● EXERCISE GOAL
Print exactly the lines below between the line holding "Race photo from Assurance Fun Run 2024" and the line holding "Bang Bros වෙතින්", inclusive, and nothing more.

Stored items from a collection
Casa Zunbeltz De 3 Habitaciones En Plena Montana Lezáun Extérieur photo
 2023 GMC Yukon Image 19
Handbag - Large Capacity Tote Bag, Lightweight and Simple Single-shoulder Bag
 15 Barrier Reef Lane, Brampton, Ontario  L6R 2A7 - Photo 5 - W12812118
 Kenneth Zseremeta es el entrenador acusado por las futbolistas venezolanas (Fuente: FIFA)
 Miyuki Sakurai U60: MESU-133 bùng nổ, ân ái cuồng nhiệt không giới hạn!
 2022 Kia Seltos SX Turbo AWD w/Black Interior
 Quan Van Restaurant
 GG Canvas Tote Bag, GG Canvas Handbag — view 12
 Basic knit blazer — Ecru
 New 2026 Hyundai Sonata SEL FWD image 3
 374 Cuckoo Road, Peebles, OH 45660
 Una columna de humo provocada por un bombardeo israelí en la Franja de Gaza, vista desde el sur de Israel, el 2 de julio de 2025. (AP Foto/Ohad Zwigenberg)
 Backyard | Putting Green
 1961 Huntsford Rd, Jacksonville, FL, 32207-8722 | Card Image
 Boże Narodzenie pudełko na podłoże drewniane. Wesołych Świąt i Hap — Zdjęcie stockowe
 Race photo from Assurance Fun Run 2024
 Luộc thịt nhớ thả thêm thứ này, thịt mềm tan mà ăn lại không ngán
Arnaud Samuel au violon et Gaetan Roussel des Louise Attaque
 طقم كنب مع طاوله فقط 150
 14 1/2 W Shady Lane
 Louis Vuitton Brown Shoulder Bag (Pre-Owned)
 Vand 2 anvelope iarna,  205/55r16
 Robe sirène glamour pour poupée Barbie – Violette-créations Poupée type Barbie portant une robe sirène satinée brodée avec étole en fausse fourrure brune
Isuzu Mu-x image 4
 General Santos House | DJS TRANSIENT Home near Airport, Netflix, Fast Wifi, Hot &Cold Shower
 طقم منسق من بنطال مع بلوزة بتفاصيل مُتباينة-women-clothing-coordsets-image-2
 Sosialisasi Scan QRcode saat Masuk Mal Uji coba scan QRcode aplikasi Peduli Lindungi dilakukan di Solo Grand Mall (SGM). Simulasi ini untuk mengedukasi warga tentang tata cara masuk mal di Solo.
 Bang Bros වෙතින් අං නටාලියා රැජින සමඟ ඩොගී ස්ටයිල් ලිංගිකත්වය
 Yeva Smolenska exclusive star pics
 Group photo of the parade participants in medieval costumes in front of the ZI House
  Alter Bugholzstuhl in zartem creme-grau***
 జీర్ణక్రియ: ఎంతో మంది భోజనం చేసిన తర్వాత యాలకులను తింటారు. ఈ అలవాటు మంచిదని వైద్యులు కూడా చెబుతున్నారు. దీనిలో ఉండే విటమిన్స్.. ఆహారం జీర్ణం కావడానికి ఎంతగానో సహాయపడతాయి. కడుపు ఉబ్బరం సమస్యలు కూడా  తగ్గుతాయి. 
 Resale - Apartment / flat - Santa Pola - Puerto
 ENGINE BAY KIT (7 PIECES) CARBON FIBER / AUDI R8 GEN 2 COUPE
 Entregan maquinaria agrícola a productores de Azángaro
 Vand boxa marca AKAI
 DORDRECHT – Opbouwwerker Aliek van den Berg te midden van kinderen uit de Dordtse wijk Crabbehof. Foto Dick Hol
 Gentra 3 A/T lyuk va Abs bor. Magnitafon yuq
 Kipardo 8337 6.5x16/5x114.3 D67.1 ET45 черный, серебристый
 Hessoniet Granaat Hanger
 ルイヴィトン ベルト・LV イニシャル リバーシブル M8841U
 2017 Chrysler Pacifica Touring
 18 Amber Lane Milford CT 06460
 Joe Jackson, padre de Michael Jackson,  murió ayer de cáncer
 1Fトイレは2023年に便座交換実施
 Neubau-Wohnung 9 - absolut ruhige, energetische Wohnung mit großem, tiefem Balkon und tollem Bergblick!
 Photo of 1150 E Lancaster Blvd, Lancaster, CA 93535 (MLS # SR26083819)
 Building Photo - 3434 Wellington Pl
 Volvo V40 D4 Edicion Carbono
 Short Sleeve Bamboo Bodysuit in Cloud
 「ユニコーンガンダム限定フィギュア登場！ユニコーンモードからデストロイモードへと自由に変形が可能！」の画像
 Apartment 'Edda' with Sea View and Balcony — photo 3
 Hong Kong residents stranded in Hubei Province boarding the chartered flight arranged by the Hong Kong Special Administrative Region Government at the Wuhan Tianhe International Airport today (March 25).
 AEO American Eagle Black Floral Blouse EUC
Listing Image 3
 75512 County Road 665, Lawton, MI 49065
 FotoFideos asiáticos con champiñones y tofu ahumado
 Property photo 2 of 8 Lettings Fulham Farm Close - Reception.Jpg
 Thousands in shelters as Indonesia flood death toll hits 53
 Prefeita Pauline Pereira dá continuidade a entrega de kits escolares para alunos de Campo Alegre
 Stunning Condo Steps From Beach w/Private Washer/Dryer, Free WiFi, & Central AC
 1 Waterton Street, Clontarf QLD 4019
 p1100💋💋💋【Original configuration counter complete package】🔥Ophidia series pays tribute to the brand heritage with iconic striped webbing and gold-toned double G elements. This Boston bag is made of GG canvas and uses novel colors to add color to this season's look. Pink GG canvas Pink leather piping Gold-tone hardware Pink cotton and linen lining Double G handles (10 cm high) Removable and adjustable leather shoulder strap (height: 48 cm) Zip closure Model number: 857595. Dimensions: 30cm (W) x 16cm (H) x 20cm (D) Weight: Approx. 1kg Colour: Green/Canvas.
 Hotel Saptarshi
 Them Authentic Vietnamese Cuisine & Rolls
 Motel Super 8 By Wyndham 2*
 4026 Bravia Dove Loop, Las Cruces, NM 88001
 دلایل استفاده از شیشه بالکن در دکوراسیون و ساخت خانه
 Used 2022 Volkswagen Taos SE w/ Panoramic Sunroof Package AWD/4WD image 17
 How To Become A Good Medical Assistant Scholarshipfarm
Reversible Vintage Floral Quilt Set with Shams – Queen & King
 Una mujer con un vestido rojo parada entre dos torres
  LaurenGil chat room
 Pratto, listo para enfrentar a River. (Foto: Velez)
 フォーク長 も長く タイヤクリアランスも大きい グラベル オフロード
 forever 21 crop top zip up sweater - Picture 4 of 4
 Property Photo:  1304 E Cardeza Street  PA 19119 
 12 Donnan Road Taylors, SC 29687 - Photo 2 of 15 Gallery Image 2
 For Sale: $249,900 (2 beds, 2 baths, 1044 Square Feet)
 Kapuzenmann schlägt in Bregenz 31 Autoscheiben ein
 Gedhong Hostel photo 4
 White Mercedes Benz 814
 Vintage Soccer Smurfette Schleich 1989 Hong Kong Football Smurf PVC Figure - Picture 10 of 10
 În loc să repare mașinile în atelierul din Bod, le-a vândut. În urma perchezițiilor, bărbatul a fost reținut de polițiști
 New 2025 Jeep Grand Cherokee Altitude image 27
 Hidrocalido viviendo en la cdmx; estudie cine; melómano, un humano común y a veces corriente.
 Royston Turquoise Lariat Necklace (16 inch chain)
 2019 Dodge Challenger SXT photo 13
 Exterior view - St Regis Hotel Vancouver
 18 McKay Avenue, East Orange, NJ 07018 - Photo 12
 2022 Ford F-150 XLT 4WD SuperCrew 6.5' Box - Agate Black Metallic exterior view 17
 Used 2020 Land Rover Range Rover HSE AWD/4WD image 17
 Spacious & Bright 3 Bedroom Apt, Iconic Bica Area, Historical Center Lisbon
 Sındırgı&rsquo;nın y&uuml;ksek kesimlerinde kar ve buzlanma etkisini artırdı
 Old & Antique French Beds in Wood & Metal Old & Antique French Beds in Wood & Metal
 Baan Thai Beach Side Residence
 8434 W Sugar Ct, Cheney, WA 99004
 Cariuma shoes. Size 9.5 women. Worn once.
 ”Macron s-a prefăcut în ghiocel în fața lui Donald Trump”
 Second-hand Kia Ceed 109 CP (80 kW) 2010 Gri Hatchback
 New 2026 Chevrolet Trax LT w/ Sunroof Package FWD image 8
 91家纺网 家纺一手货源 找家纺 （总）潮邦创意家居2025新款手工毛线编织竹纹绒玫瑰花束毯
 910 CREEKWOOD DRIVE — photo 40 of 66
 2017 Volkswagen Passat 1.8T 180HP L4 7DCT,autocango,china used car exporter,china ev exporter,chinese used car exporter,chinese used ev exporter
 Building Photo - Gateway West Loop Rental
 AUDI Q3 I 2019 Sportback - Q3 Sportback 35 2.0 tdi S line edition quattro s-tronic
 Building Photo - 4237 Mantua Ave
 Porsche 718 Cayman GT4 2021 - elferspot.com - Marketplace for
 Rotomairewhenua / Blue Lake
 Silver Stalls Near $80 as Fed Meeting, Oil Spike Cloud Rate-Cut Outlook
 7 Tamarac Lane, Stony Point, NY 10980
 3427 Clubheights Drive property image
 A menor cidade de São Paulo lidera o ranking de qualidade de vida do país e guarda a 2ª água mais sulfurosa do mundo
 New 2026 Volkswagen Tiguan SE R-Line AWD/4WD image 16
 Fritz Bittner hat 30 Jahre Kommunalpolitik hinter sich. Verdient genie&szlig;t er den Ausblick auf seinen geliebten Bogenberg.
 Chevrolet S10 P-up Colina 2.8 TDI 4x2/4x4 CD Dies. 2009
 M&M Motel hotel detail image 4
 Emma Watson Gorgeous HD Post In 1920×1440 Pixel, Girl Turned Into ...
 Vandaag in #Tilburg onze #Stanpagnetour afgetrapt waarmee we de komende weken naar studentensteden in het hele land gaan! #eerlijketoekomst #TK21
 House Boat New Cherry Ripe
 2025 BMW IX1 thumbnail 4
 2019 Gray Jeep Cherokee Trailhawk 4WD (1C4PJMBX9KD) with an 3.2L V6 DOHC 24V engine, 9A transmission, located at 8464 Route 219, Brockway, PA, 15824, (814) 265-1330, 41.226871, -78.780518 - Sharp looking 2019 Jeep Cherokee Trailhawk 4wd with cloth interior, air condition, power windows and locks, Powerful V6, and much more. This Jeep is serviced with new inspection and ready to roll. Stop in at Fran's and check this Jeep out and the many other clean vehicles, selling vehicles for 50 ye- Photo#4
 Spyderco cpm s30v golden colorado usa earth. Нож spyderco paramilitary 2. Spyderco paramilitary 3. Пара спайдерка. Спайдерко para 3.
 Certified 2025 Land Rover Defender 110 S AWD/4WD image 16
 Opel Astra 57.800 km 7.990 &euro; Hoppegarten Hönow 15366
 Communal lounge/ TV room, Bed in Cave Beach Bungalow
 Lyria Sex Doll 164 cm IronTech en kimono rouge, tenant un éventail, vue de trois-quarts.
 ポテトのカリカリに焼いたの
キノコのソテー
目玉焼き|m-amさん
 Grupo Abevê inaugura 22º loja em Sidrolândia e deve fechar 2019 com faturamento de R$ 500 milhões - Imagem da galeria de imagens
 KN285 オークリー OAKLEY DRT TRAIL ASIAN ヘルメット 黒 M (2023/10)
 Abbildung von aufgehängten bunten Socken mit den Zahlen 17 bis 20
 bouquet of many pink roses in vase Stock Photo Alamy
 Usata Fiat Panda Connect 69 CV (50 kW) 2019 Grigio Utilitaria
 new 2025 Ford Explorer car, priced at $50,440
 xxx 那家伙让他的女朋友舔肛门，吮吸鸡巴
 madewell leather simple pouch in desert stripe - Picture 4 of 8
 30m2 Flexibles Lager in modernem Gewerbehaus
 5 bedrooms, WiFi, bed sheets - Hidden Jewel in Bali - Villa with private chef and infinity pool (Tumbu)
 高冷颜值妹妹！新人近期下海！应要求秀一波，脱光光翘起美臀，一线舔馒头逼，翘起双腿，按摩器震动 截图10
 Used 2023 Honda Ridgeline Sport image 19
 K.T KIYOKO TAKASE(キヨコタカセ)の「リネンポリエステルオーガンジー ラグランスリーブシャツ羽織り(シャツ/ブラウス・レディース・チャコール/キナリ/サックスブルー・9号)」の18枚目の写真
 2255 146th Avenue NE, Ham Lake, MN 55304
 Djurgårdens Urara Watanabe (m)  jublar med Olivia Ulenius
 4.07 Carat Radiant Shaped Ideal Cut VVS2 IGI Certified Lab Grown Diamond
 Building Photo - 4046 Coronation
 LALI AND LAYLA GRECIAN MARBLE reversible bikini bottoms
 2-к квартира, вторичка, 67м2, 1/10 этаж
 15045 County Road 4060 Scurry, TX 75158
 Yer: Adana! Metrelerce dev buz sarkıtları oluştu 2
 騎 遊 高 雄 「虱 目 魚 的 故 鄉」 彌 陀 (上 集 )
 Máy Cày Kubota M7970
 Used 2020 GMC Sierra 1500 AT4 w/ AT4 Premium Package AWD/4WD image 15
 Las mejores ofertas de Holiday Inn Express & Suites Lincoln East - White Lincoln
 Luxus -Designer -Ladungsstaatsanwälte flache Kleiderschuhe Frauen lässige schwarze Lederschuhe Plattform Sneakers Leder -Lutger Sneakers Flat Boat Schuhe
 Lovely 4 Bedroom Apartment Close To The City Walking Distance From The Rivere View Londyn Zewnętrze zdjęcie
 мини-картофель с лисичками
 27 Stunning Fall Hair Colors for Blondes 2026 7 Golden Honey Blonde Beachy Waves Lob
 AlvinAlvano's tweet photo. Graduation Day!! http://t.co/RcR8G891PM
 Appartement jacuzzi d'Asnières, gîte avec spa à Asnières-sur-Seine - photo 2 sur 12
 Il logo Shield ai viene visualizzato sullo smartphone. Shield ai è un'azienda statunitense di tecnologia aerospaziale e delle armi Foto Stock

● OUTPUT FOR THIS TASK
 Race photo from Assurance Fun Run 2024
 Luộc thịt nhớ thả thêm thứ này, thịt mềm tan mà ăn lại không ngán
Arnaud Samuel au violon et Gaetan Roussel des Louise Attaque
 طقم كنب مع طاوله فقط 150
 14 1/2 W Shady Lane
 Louis Vuitton Brown Shoulder Bag (Pre-Owned)
 Vand 2 anvelope iarna,  205/55r16
 Robe sirène glamour pour poupée Barbie – Violette-créations Poupée type Barbie portant une robe sirène satinée brodée avec étole en fausse fourrure brune
Isuzu Mu-x image 4
 General Santos House | DJS TRANSIENT Home near Airport, Netflix, Fast Wifi, Hot &Cold Shower
 طقم منسق من بنطال مع بلوزة بتفاصيل مُتباينة-women-clothing-coordsets-image-2
 Sosialisasi Scan QRcode saat Masuk Mal Uji coba scan QRcode aplikasi Peduli Lindungi dilakukan di Solo Grand Mall (SGM). Simulasi ini untuk mengedukasi warga tentang tata cara masuk mal di Solo.
 Bang Bros වෙතින් අං නටාලියා රැජින සමඟ ඩොගී ස්ටයිල් ලිංගිකත්වය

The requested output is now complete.